L’étendue de son application
À cause du dernier texte que nous avons cité, beaucoup de commentateurs ont voulu restreindre l’interdiction formulée en Lévitique 3:17 à la graisse des animaux qui pouvaient être offerts en sacrifice, comme les taureaux, les moutons et les chèvres. Sur ce point, les rabbins présentent un enseignement contradictoire. Néanmoins, l’injonction relative à la graisse et consignée en Lévitique 3:17 est associée à la loi sur la consommation du sang qui, elle, touchait le sang de tous les animaux (comparez avec Lévitique 17:13; Deutéronome 12:15, 16). Il semble donc plus logique de penser que la loi sur la graisse devait aussi s’appliquer à tous les animaux, y compris à ceux que les Israélites abattaient pour leurs besoins personnels.
L’idée selon laquelle cette prohibition s’étendait à toute sorte de graisse ne s’oppose pas au texte de Deutéronome 32:14, où nous lisons que Jéhovah a donné à Israël “la graisse des béliers” à manger. En effet, il s’agit là d’une expression figurée qui désigne le meilleur du troupeau, ou selon la Bible de Jérusalem, “la graisse des pâturages”. (Voir aussi Darby, note en bas de page; ZK.) Ce sens poétique se confirme dans la suite du même verset, qui parle de “la graisse des rognons du blé” et du “sang du raisin”. Pareillement, lorsque selon Néhémie 8:10, les Israélites reçurent cet ordre: “Allez, manger les choses grasses”, nous ne devons pas en conclure qu’ils consommèrent littéralement de la graisse telle quelle. Ici, les “choses grasses” sont les morceaux de choix, des mets qui n’étaient ni maigres ni secs, mais succulents, y compris des plats savoureux confectionnés à l’aide d’huiles végétales. C’est pourquoi Charles Augrain (Votre Bible) rend ainsi ce passage: “Allez manger des viandes savoureuses”, tandis que la Traduction Œcuménique de la Bible met: “Mangez de bons plats.”
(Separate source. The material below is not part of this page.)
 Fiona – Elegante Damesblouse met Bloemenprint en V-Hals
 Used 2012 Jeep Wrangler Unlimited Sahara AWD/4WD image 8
La Loi mosaïque n’interdisait pas de nourrir ou d’engraisser des moutons ou des bovins pour la table. Ainsi, nous apprenons que “le jeune taureau engraissé” fut égorgé pour le fils prodigue (Luc 15:23). Au menu de Salomon figuraient des bovins gras et des “coucous engraissés”. (I Rois 4:23.) Le terme hébreu marbêq, traduit par “veau engraissé” en I Samuel 28:24, signifie littéralement ‘veau de l’étable ou à l’attache’. Les mots mêaḫ et merîʼ désignent une ‘jeune bête grasse’ ou un ‘animal bien nourri’. (És. 5:17; Ézéch. 39:18; voir aussi Proverbes 15:17; Jérémie 46:21.) Toutefois, cela ne veut pas dire que l’‘engrais’ de tous ces animaux était destiné à produire en eux des couches de graisse, mais plutôt que les bêtes étaient dodues (“bien en chair”), et non efflanquées. — Comparez avec Genèse 41:18, 19.